With mortgage rates on long-term fixed-rate mortgages finally slipping into the 3% range, mind you just barely, more fence-sitters may be pondering if they should finally buy a home as opposed to rent.
Heck, homeownership is starting to look pretty darn attractive with those ultra-low monthly mortgage payments, especially coupled with depressed home prices.
But from a broader economic standpoint, not so much.
The Economy Is Ugly
Things still look bleak, with unemployment expected to remain high for the foreseeable future, and fears of a complete economic collapse still swirling.
An economic outlook released this week by mortgage financier Freddie Mac perhaps said it best:
“With monetary policy expected to keep interest rates low for a while, affordability will remain high for potential homebuyers. In the meantime, many will choose to rent.”
Huh? Affordability will remain high, but many will choose to rent? How does that make sense?
And why are they choosing? If they have a choice, how could they not possibly buy a home right now?
Current Homeowners Banking on Prospective Buyers
If they’re choosing not to buy a home, what about those who currently own a home worth half the balance of their mortgage?
Pretty scary notion that prospective homeowners who could enter the market in positions significantly better than existing homeowners aren’t willing to.
But the way they see it, it’s scarier to take the plunge and join them, given the economic uncertainty in the air.
After all, it doesn’t make a whole lot of sense to start a family and form a household when you’re not sure if you’ll keep earning what you’re earning, let alone keep your job.
And so that may explain why the low interest rates aren’t causing many to bite, at least not home buyers.

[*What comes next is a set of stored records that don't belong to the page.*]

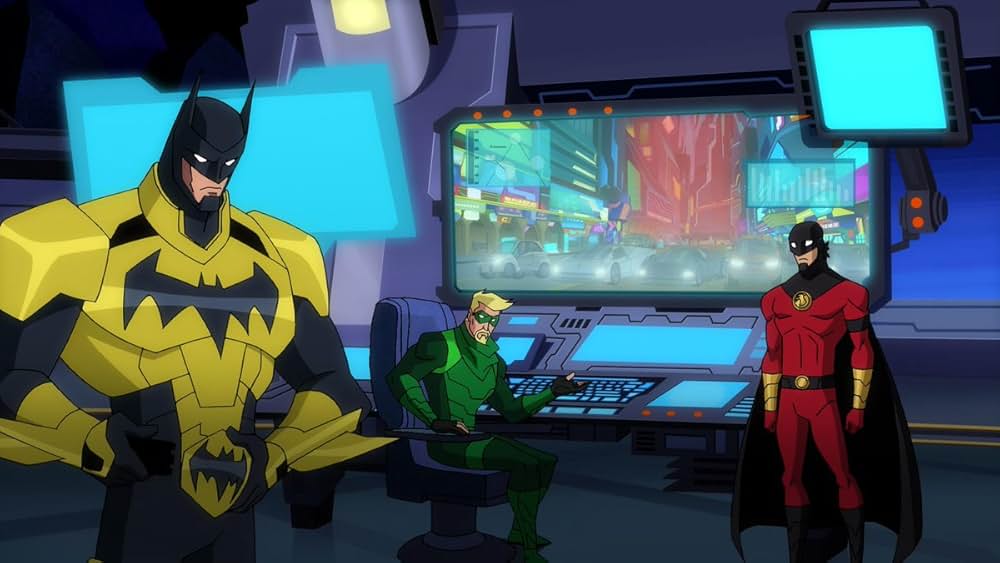 Batman Unlimited: Animal Instincts（原題）の画像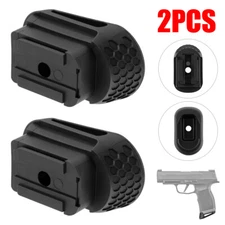 2PCS Pinky Extension Adapter For Sig Sauer P365 to P365X / P365XL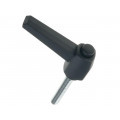 141341; Lever; adjustable; Thread len: 40mm; Lever length: 50mm; ELESA+GANTER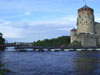 Наплавной мост в крепость св. Олафа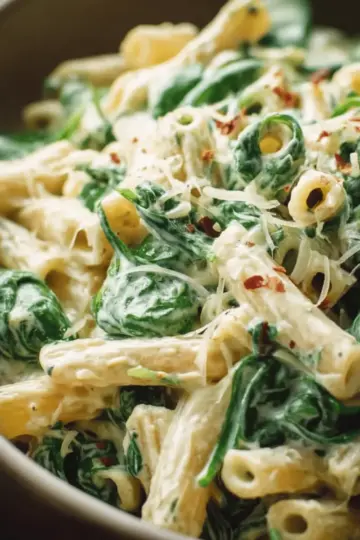 Creamy Spinach Pasta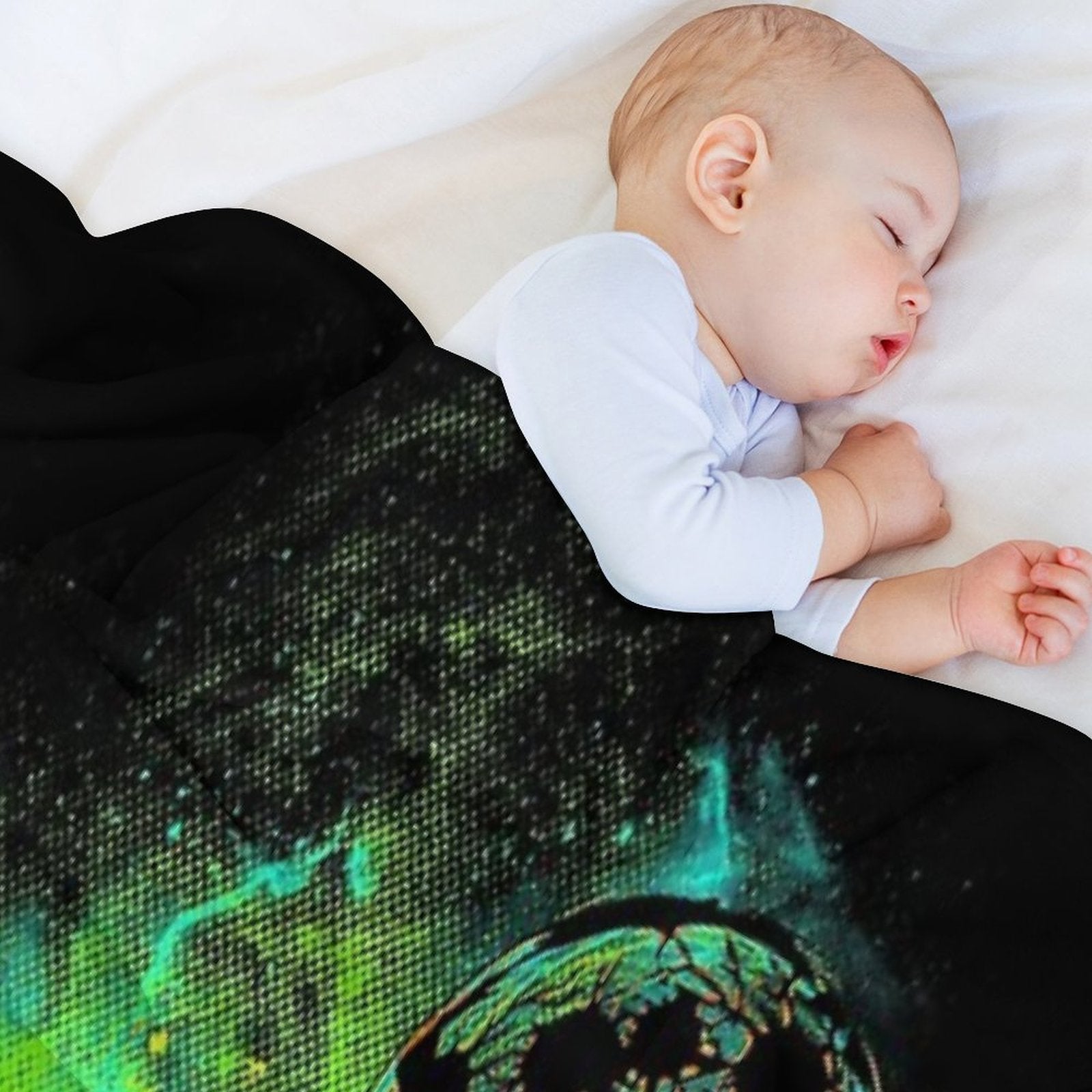 Bounty Hunter of Space Compact Throw Blanket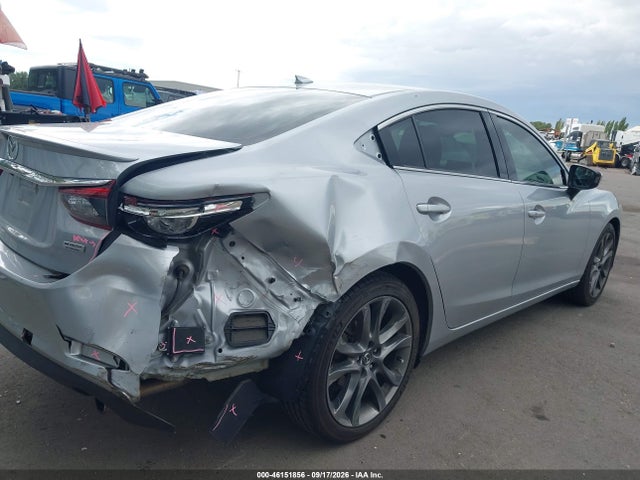 46151856 :رقم المزاد ، JM1GJ1W5XG1454927 vin ، 2016 Mazda Mazda6 I Grand Touring مزاد بيع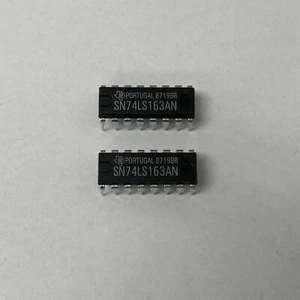 SN74LS163AN TI INTEGRATED CIRCUIT x2PCS - Picture 1 of 1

Refinance Share Nearing 80 Percent
Meanwhile, the refinance share of loan applications is in fact rising, and is now near 80 percent, per the Mortgage Bankers Association.
Previous estimates saw the purchase-money mortgage share rising to 50 percent by now…not even close. Just wait until the traditionally slow fall and winter home buying seasons.
On top of those not willing to take the plunge, there are plenty of people out there who can’t even buy a home if they wanted to, thanks to that unemployment issue, along with more stringent mortgage underwriting guidelines in place today.
And roughly 20 percent can’t buy simply because they fudged up their previous mortgage.
Imagine if the loose underwriting that was in place during the boom was still in place…everyone would own a home. But we know that’s a bad idea…
All that said, you’ve got to figure that buying a home right now can’t be all bad. As mentioned earlier, you’d be much better off than those who bought five years ago from a home price, equity and interest rate perspective.
The question is whether you need to hurry up and make the decision. Given the relatively high chance of more bad economic news, along with forecasts of lower home prices in the near future, it may pay to wait and buy next year if you’ve got time.
After all, you may find a lower home price and a similar mortgage rate in six months.
And in the meantime, you can get your finances in order to ensure you will qualify without worry when that right time comes.